芥は暗闇の中、目的の物らしき物体を掴んだ。                                      そのままそれをロッカーから抜き出すと懐に抱き込んだまま、人目 を気にするかの様に背を丸め、そのまま、販売機の横をすり抜けていった。
 バタンと、彼の背後でロッカーの扉が閉まった。
(そして・・・・・あれを俺に渡した・・・・)

 芥は、再び男と視線を交じらせた。
(―――――――張本人!)
「俺は、あなたの指示に従いつづけた。」
メール着信あり
2013 4/21

 芥は男の顔色を下目遣いにうかがい続けながら、続けた。
「まず、何故・・・金太の事を知っているんだ?そして、何故今更になって俺に接触をかけようとしたんだ?」
メール着信あり
2014  5/3

「フッ・・・・。」
男は、髪を芝居がかった動作でかき上げながらすぐ横に積まれた鉄骨に足をかけた。
メール着信
2014 6/3
2014 6/13
2014 7/5
2014 7/7
・・・あり。

 ガダンッ!!
男の足が鉄骨の山の1部分を踏み抜くと、鉄骨の中に隠されていた布で包まれた竿状の形の物が持ち上がる。
「野木君。」
 顔をあげ、あからさまに警戒した芥の足下にばらん、と包みをほどかれ、その中身が転がり落ちた。
地に転がった二対の・・・。
・・・・・刀!!?
 大きく反るようなフォルムの、鋭利な刃を要す側面を持つ鉄の棒。
まぎれもない日本刀、真剣だった。
「そうだ、ルールを言ってなかったね。」
(こいつ・・・。
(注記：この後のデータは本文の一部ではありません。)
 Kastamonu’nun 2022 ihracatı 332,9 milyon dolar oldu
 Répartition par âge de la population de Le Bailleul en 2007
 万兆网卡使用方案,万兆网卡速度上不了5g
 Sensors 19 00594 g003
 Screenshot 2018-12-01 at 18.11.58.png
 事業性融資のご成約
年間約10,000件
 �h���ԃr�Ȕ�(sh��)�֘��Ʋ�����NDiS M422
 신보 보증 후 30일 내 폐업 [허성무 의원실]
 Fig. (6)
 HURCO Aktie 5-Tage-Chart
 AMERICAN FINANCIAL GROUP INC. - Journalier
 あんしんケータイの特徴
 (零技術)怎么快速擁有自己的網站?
)
 男は冷や汗を浮かべ、自分の顔を覗き見た芥に口元を緩めながら、調子を全く変えないどころか、むしろ以前より愉快そうな声を上げた。
「薔薇だ・・・。」
 男は、そうい言いながらシャツのボタンを鎖骨が見える位まで開け始める。
芥はそこで初めて、男がいつの間にか紅い、一本の薔薇を手にしているに気付いた。
「・・・?」
 男は口元をほころばせながら、その薔薇をシャツのポケットに入れた。
「胸の薔薇を散らされた方が敗け。これだけだ。」
(正常(ふつう)じゃない!)
 男の悠然とした笑みに、芥の額に小さな汗が浮かぶ。
フッ・・・。
「!!」
 芥の表情が、凍った。
男の、女受けしそうな甘いマスクが、自分に向かって動いていた。
 そして、その右腕には白刃が握られていた。
ガシ・ッ。
 男の、芥の手前に踏み込んだ革靴が土埃を立てる。
表情、肉体、精神・・・その全てが固まった芥の眼鏡に、
 迫る白刃のきらめきが映った・・・。